The squadron gained federal recognition in 1924 as the 116th Observation Squadron, 41st Division Air Services, at Felts Field in Spokane Valley.

The heritage art design is inspired by the markings that were displayed on the squadron’s observation aircraft flown in the 1930s, according to the Washington National Guard.

The paint scheme includes the squadron’s insignia, an ace of spades with a dagger driven through the center of the card. The insignia was adopted in 1931 and is still used today.

Lt. Col. Brian Gliniak, commander of the 116th Air Refueling Squadron, said the insignia originated from a late-night squadron poker game at Felts Field.

Lt. Laurie Heral, a 116th member, threw the ace of spades, known as the death card, on the card table. Heral felt the card by itself wouldn’t grab people’s attention as an insignia.

Legend has it, Heral drove a dagger through the center of the card, and the ace and dagger insignia was born, Gliniak said.

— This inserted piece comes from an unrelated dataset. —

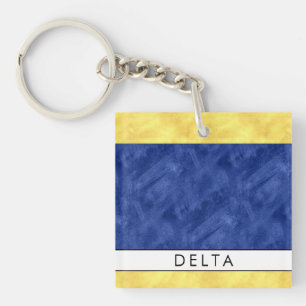 Porte-clefs Votre nom + Signal Nautique Drapeau D Delta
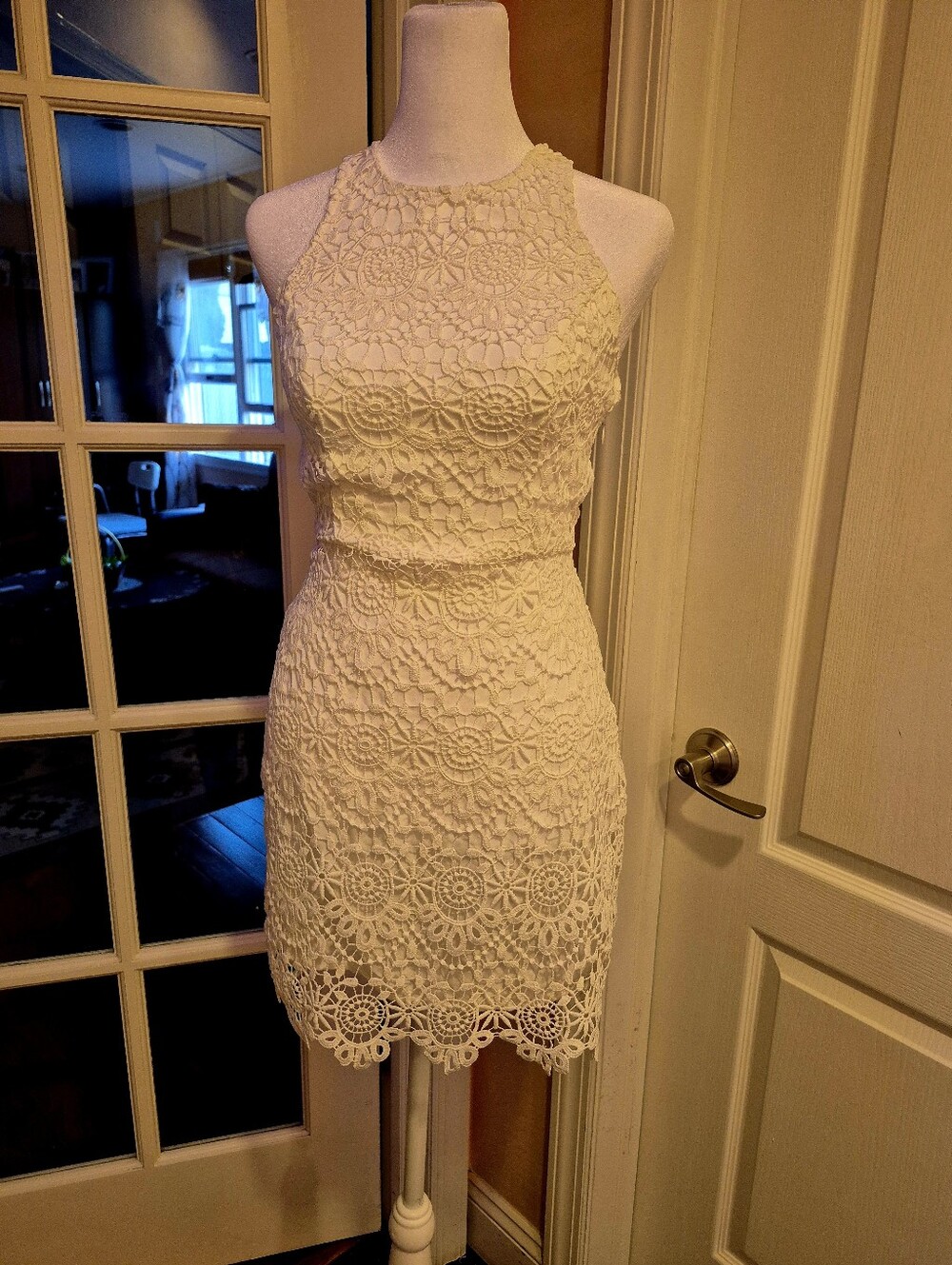 Hollister  White  Crochet Halter Mini Dress - Floral Lace Detail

The design also consists of red and white stripes on the KC-135’s rudder, which were present from the start of the 116th, and blue and yellow stripes on the tail. The blue and yellow paint increased visibility on the aircraft in the 1930s.

The stripes were discontinued when World War II started.

The 116th Air Refueling Squadron is one of the oldest Air National Guard units in the nation, and one of the 12 original Air Guard units in the country. It has participated in nearly every armed conflict in which the nation has been involved.

The 116th took a group photo in front of the KC-135 tail after Friday’s unveiling.

“Every member of this wing should be proud to be a part of this rich heritage,” Gliniak said. “To our Spokane civic leaders, I’d like to thank you for 100 years of continuous support as we proceed into the next century of service to neighbor and nation.”

Editor’s note: This story was updated on Feb. 7, 2024, to reflect Sen. Patty Murray, D-Washington, did not attend the event as previously reported. However, a representative from her office did attend.